WHAT YOU NEED TO DO »
The required answer is the run of lines from the one holding "104 William St, Clifton City, NJ 07014" to the end of the data below, copied exactly and free of pictures.

START SOURCE DATA

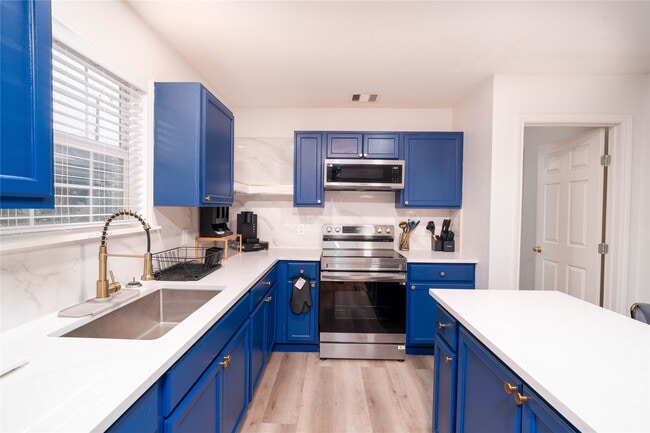 Photo - 4612 Hershe St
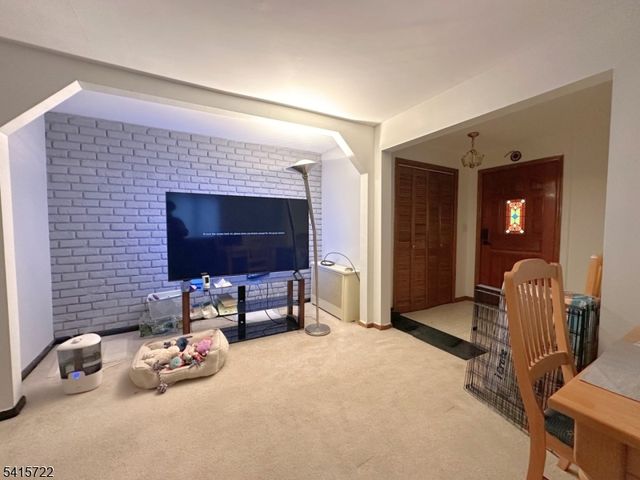 104 William St, Clifton City, NJ 07014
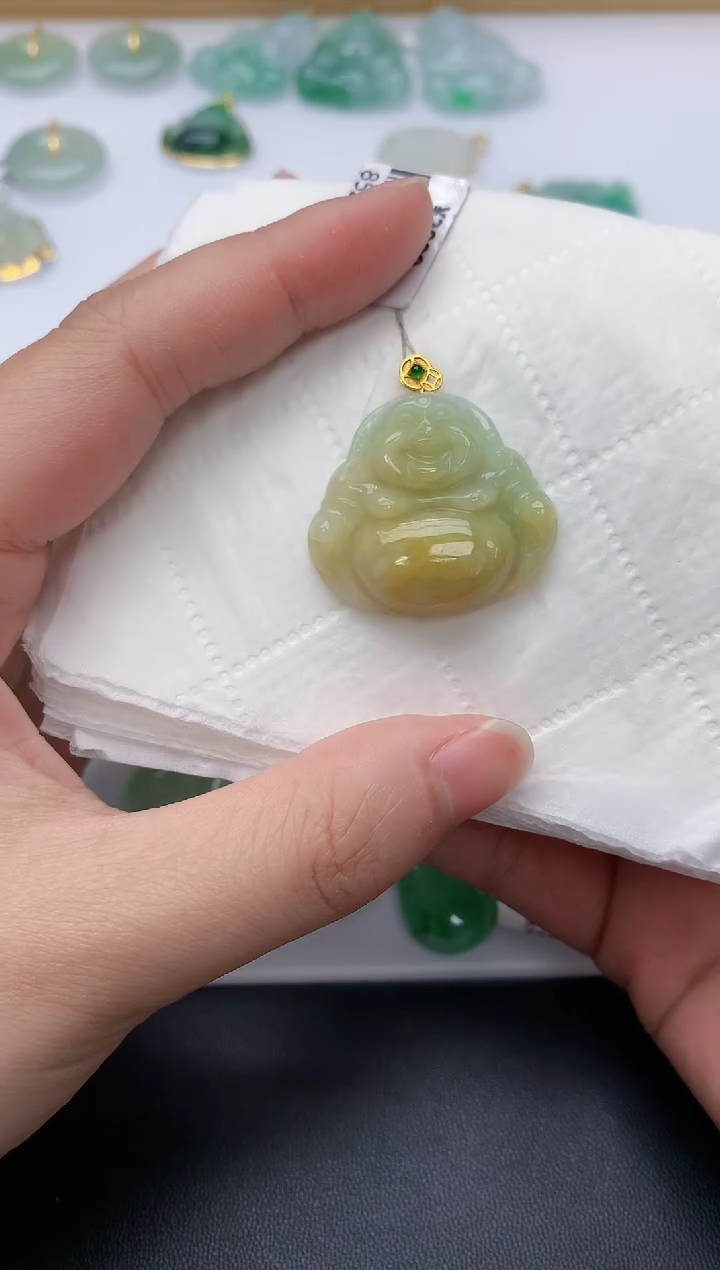 颈饰18K金镶嵌翡翠天然A货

END SOURCE DATA

WRITTEN SOLUTION »
 104 William St, Clifton City, NJ 07014
 颈饰18K金镶嵌翡翠天然A货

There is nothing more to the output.